Unfortunately the problem is being irritated on a much larger scale by the activities of the Patriarch of Antioch himself. The various agreements signed between his representatives and the non-Chalcedonians basically amount to saying formally what the errant Priests who commune non-Chalcedonians tacitly believe - that this is all an issue of semantics (and more to the point, always has been which I think is the truly false conclusion), and as such "we" (in this case the Patriarchate of Antioch) can proceed as it see's fit.
I can sympathize to some extent with this thinking, since in terms of praxis the non-Chalcedonians are not a problem (as far as I'm aware). Also, my experience is that the non-Chalcedonians I have spoken to, in many words materially do believe in the faith of Chalcedon. What I think is manifestly not true, is that this always has been and universally was the case even going back to the events which caused the non-Chalcedonians to be seperated from the Orthodox Church, and that it is not necessary for these "materially" Orthodox believing modern non-Chalcedonians to be in unity with the Church while remaining precisely this - non-Chalcedonians! The Holy and Ecumenical Councils rightly divide the faith - thus, even granting to our modern non-Chalcednian friends that they materially (even if talking in circles and using different terminology) agree with the Church, there can be no visible formal unity with them, if they do not visibly, formally profess the same faith. Even the most liberal, "economia" receptions of seperated communities into the Church (such as is evidenced in long standing Russian practice) involve at least one thing - repudiation of falsehood and a clear, unambiguous confession of the Orthodox faith, whole and entire, including an affirmation of the Ecumenical Councils and the traditions of the Church.

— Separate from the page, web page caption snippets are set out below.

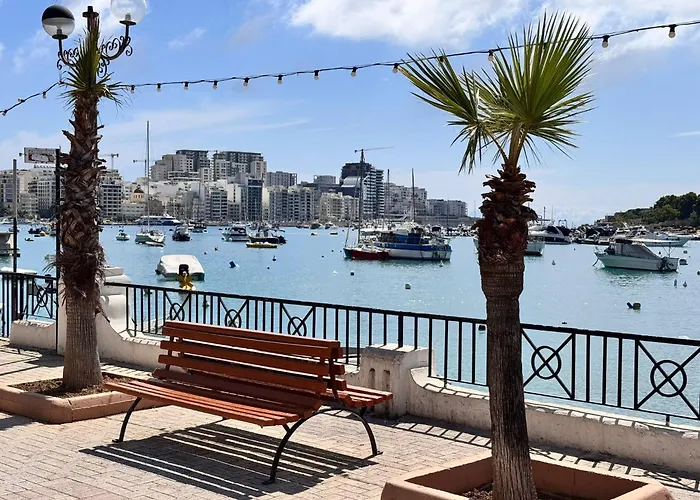 Charming Retreat Off The Sea Front Apartman Gżira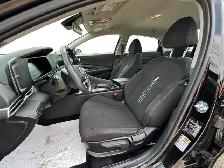 2025 Hyundai Elantra Preferred - Photo 12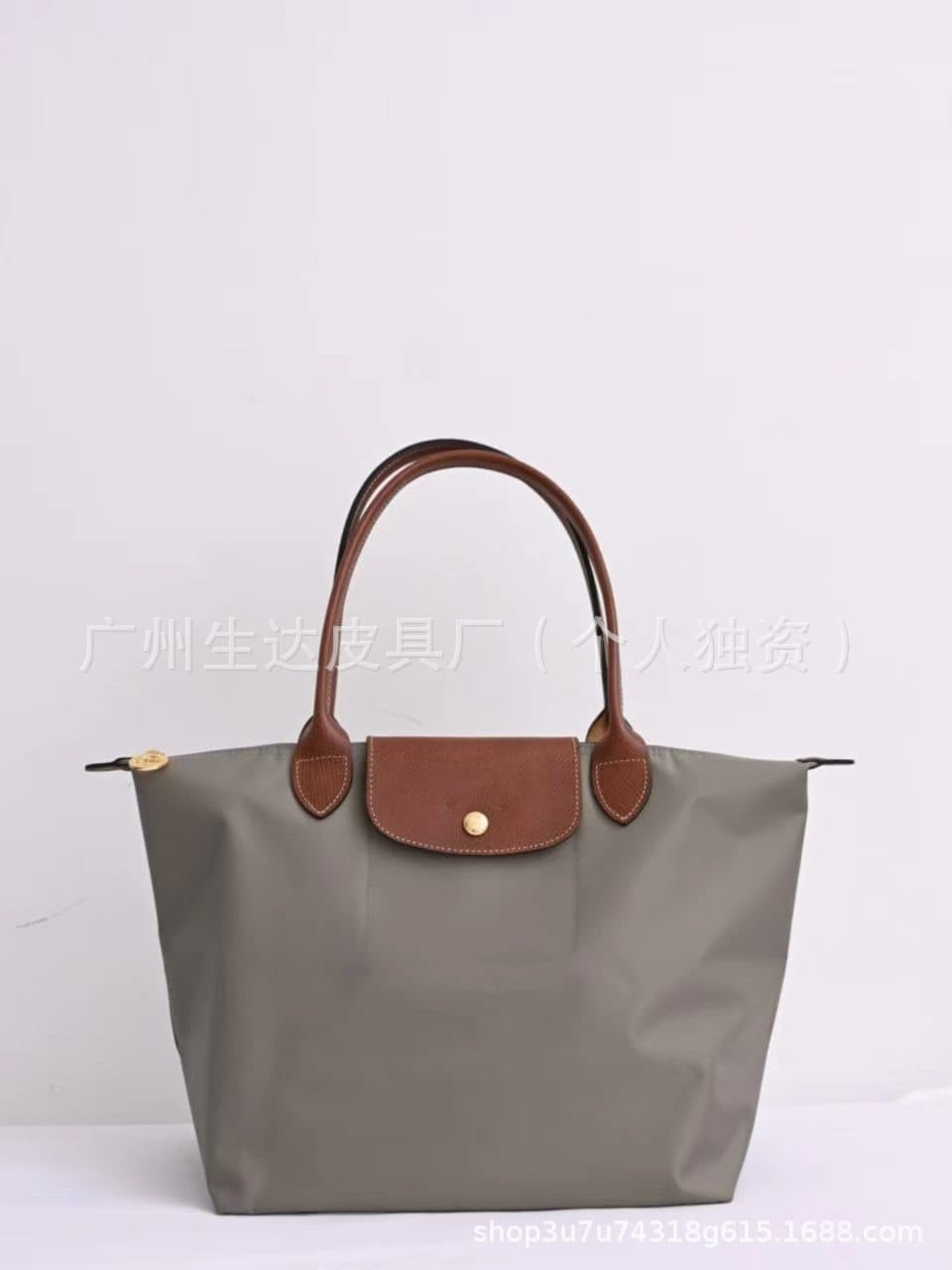 Classic dove gray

To simply say that such an affirmation in so many words is not necessary, is to put to a lie the idea that any real "visible unity" exists! What "unity"?! Such a union is bogus - what you have maybe is "agreement" (even in large part), but not the visible, canonical unity of the Church which is what any unia should be working to effect.
Orthodoxy is not Papism - She does not appeal to "communion with this or that Patriarchate(s)" as the litmus test of authenticity. Fundamentally it is a fidelity to truth, and the confession of it, which effects and manifests this unity. Thus, from an Orthodox p.o.v. simply "concelebrating" and effecting an administrative unity is meaningless. Not only does this not effect unity, but it actually drags those Orthodox who involve themselves in it out of the Church, by creating schism. And I fear this is precisely what is going to happen if the Antiochians do not put a stop to this and reconsider - the Patriarch of Jerusalem has already written strongly worded letters to the Patriarch of Antioch, adominishing him to stop this. We need this kind of mischief (that the Antiochians are up to) like we need a hole in the head. Such ill advised pandering to heterodoxy has already caused divisions in the Church, and very painful enduring ones at that.